**Assignment**
In the entries that follow, the lines from the one with "E-energy Sospensione 2xE27" through the one with "Des adultes debout" are the ones to write out, exactly and with both ends included. Nothing else should appear.

**Record set**
···

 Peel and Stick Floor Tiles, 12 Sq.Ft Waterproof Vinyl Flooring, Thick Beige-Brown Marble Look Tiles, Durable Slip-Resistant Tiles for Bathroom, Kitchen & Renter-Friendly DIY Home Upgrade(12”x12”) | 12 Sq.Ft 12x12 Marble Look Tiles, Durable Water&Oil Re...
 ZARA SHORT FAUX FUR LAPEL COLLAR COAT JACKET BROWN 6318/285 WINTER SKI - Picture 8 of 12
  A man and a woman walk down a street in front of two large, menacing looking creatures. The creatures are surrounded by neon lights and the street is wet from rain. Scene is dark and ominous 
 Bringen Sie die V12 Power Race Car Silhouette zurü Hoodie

···

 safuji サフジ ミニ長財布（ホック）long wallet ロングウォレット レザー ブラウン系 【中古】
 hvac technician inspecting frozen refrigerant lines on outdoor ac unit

···

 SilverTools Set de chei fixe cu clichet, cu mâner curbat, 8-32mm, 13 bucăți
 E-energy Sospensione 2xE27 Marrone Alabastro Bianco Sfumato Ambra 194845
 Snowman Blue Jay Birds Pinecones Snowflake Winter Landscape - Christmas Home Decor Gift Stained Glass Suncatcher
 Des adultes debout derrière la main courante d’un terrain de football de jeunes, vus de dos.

···

**Expected answer**
 E-energy Sospensione 2xE27 Marrone Alabastro Bianco Sfumato Ambra 194845
 Snowman Blue Jay Birds Pinecones Snowflake Winter Landscape - Christmas Home Decor Gift Stained Glass Suncatcher
 Des adultes debout derrière la main courante d’un terrain de football de jeunes, vus de dos.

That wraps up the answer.